ホンダに求められる充電特性の改善と低価格化

 だが、451万円ないし495万円という高価格が気にならないのであれば、不便さを押してHonda eを所有することはまるっきり意味のないことではない。絶対条件は他のBEVと同様、戸建て住宅あるいは充電設備のある集合住宅に住んでいることである。自宅で100%充電できれば、ちょっとした行楽くらいは十分にこなせる。

Honda e(鹿児島北部の長島にて)

Honda e(鹿児島北部の長島にて)

 筆者は3名乗車でワンデードライブも試してみた。鹿児島市をスタートし、宮崎との県境にある標高1200mの「えびの高原」まで走り、鹿児島市に戻るという約170kmのルートであったが、充電率の変化はスタート時98%から帰着時6%であった。日常ユースに加え、遠出をしてもせいぜいこのくらいというカスタマーなら十分カバーされる。

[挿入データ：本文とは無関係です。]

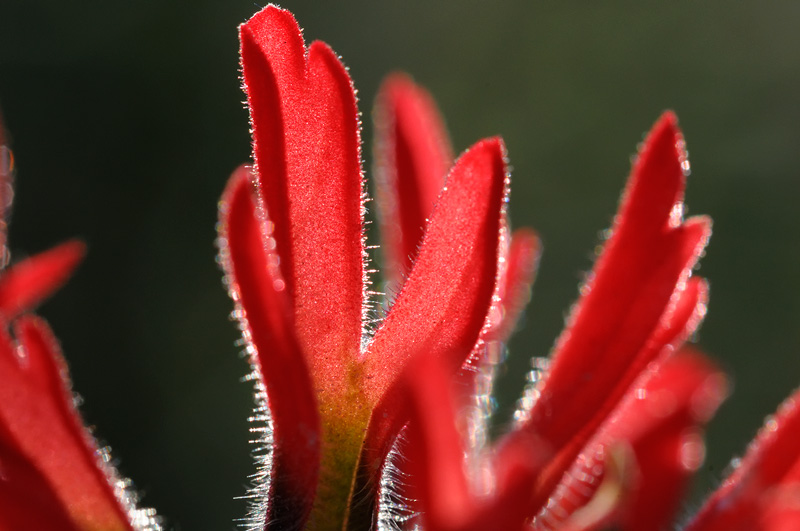 Indian Paintbrush bristles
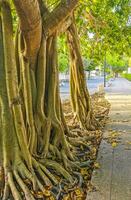 Huge beautiful Ficus maxima Fig tree Playa del Carmen Mexico. photo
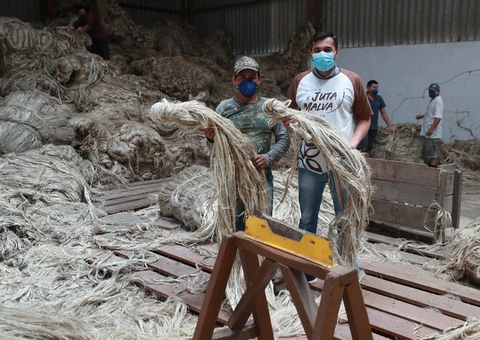 Amazonas paga R$ 3,6 milhões de subvenção a produtores de juta e malva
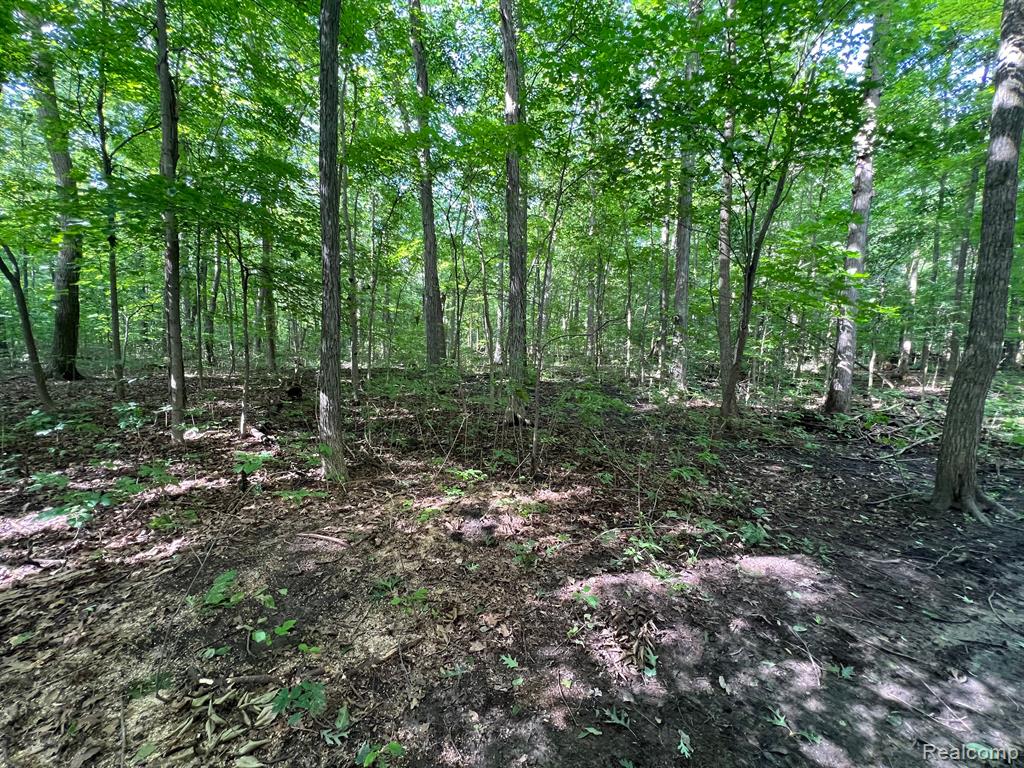 0 North Hadley Road Ortonville, MI 48462 - Photo 4 of 13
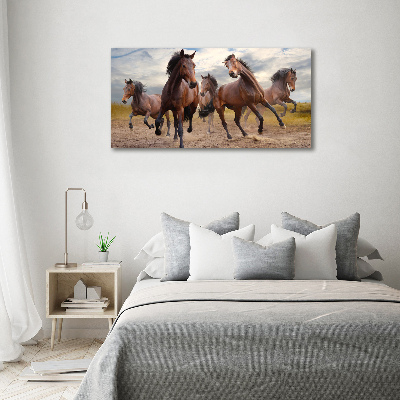 Schilderij glas Vijf paarden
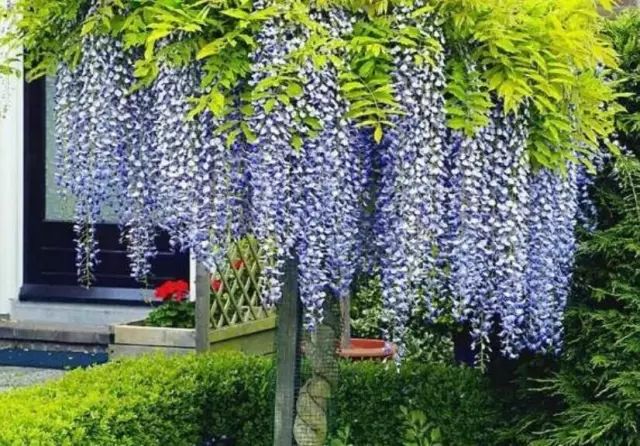 紫藤中最有名的品种叫什么名字,非常好种不需要太阳的紫藤品种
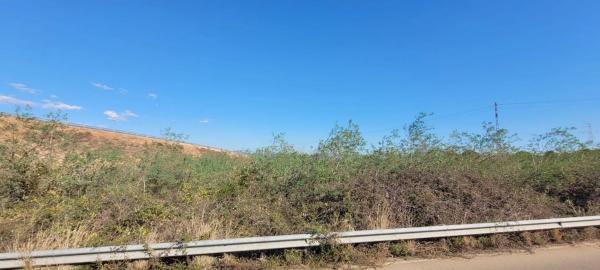 Terreno en plaza Poligono N-54.R thumbnail 2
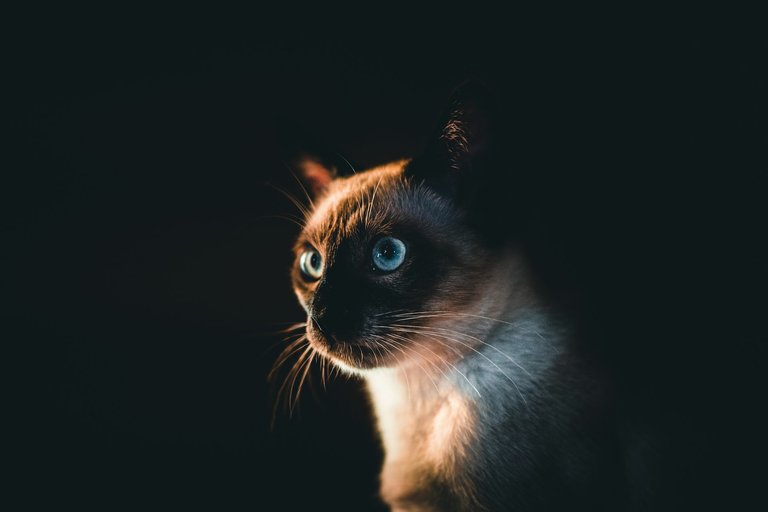 felix-mittermeier-ecGF7uTqxAE-unsplash.jpg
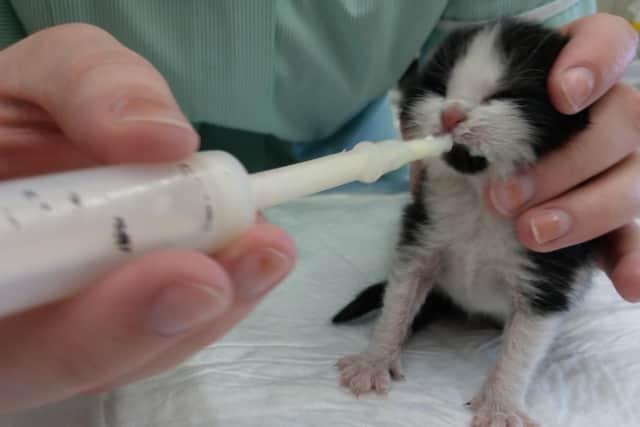The kittens will have to be hand-reared by the RSPCA until they are old enough to be rehomed, which is typically around 10 weeks old.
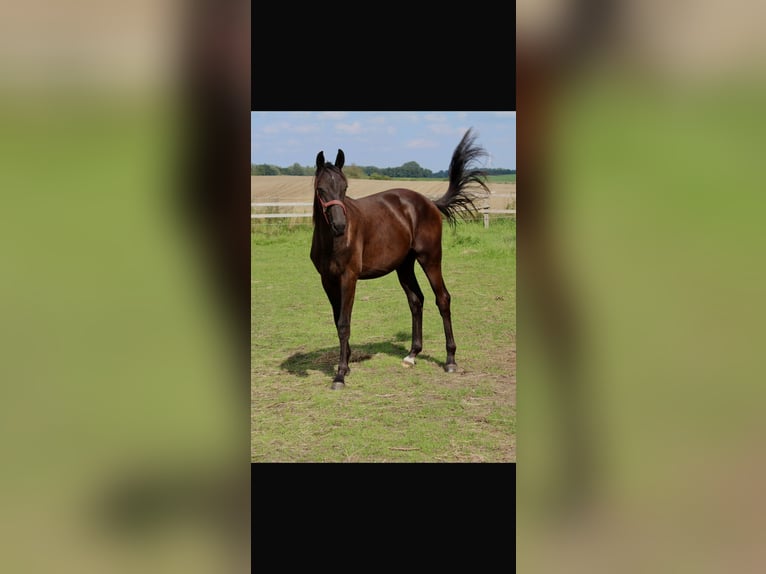 Trakehner Stallion 2 years Smoky-Black in Burow
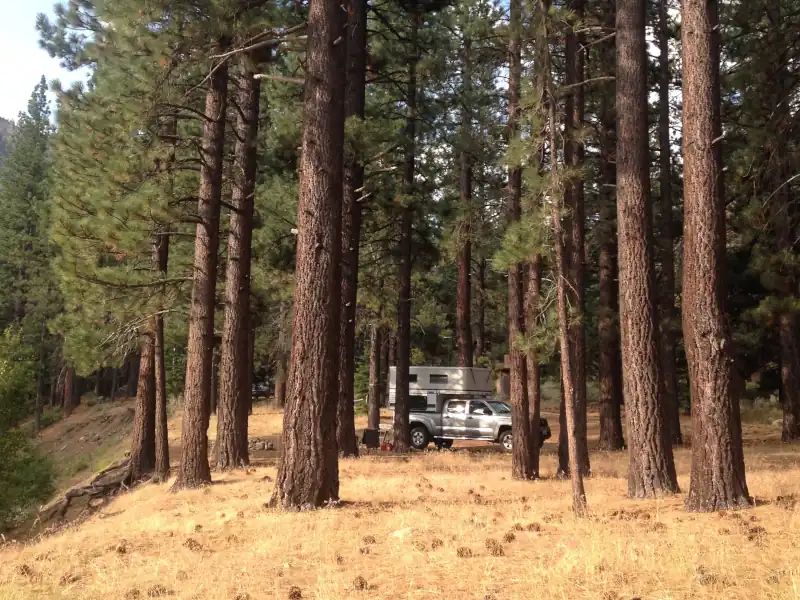 Wolf Creek Dispersed Campground, Markleeville, CA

 仮に出先で急速充電器(最大電流96~200アンペア)で1回、30分充電すると、旅行距離はそこから100km強伸びる。2回なら通算で400kmが視野に入る。東京都心起点で言えば、飛ばさなければ奥日光くらいまでは十分に届くという感じである。

 が、ホンダが早急に取り組むべきは現状のHonda eでいいと言ってくれるカスタマー探しではなく、充電特性の改善と低価格化だ。それさえできれば走り味は上質、小回り性能抜群、形も小意気なHonda eはあっという間に人気者になれるだけの素養を持っている。ホンダのブランド価値を上げる一助ともなるだろう。

 果たしてホンダが次の一手をどう打ってくるか、大いに見ものである。